The Number One Halloween Hazard (It's Not Candy)

Jeanne Sager
Tweens & Teens

stop signAdults are so easy to scare these days. Just dangle an unwrapped Snickers fun size in front of their kid's hand and yell, "I didn't check this for razor blades!" Silly parent, the Halloween candy is not going to kill your kid! But the car might.

An estimated 42 percent of car crashes, where a child is hit and killed, occurs between the hours of 4 p.m. and 8 p.m. That's prime trick or treating time in most American neighborhoods.

Let me lay it out there. I'm a free-wheeling parent. I have never checked my kid's candy, and I see no reason to stick to the accepted trick or treat format. But I came dangerously close to developing a permanent twitch in my arm last Halloween from the 6,000 times I flung it out to grab my daughter's hand or push her little friend out of the road and onto the lawn of yet another house.

Kids are quick. Cars are big. And all it takes is a second.

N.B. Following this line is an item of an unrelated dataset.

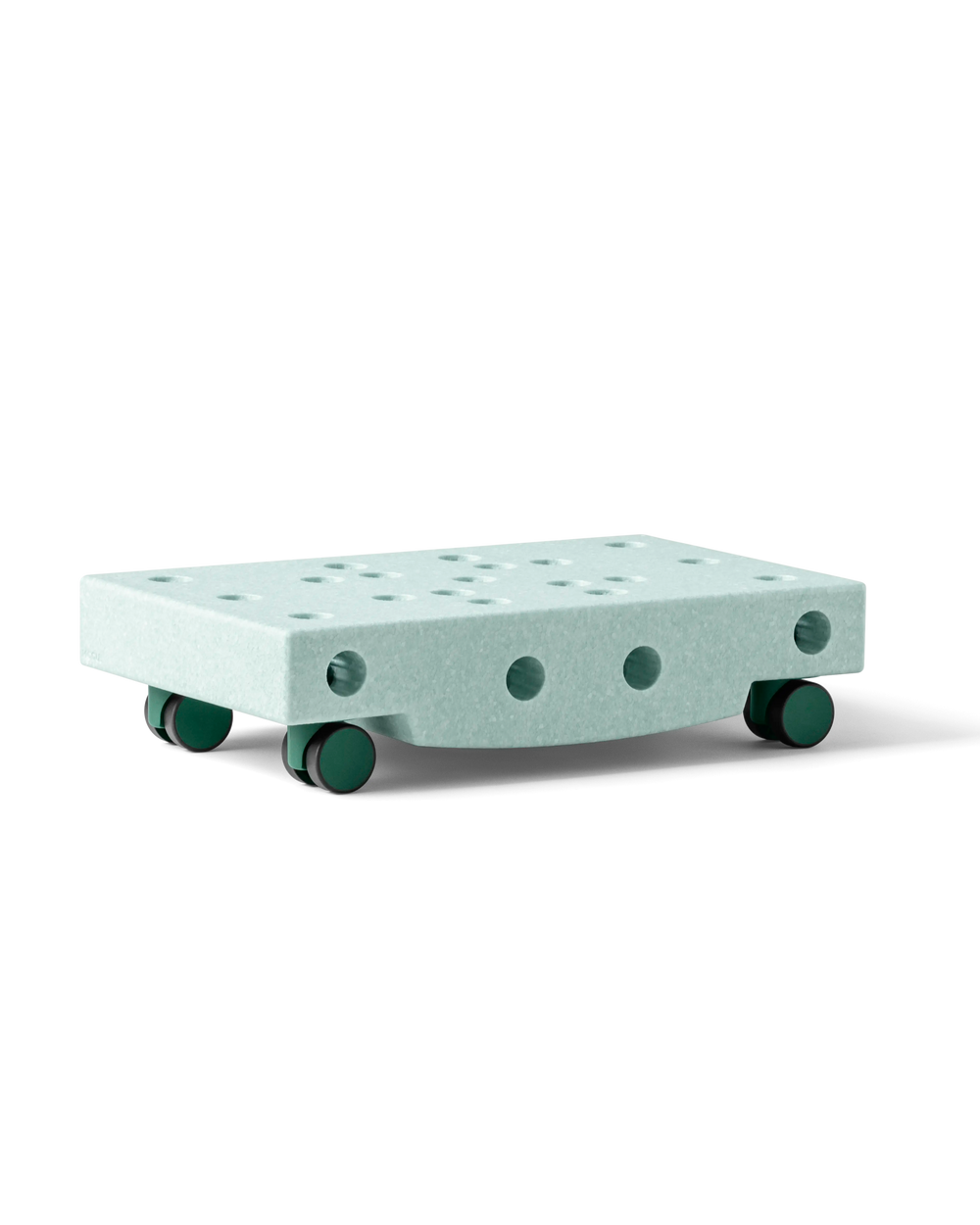 MODU activiteiten speelgoed - Scooter Board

Take the most responsible kid in the neighborhood, and Halloween will turn him into a scary monster of sugared up proportions. He's not misbehaving. He's on top of the world. And that bears out in the numbers. The number of little kids getting hit by cars is actually dipping, while the so-called "responsible" kids ages 8 to 14 are increasingly at risk.

Those are over-excited kids who normally know the "stop, look both ways" rule. In a flurry of anticipation, they're not thinking about cars. They're thinking about whether Old Man Smith still gives out full-sized candy bars. And whether he'll run out before they get there.

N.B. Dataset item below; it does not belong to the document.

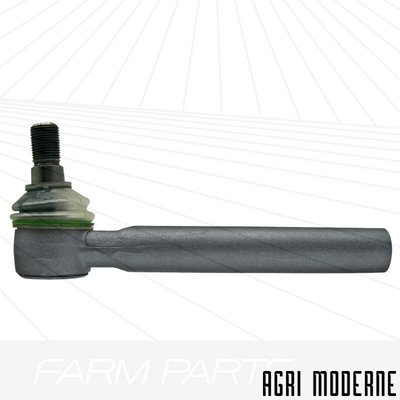 PIECES TRACTEUR AUTRE MARQUE - Direction - ROTULE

Add in neighborhood hopping parents driving their kids around town (an even bigger problem if it's a rainy Halloween in your neck of the woods), plus bored teens out cruising for some houses to hit without a costume, and you've got a concoction for trouble.

So what do you do?

  • Flashlights, flashlights, and more flashlights.
  • Glow bracelets -- everyone loves them, and you can give the rest away when you get home to more trick or treaters.
  • Wear something reflective and light in color. Yes, you, Mom. The kids tend to shed clothes as the night goes on, so others in the group need to always wear something that the cars can see.
  • Set firm, fast rules, and stick to them. If they think they're going to to get yanked out of the fray and miss out on the "good" houses on the street, your kids are bound to listen up when you call them out of the street.

How do you handle the streets on Halloween?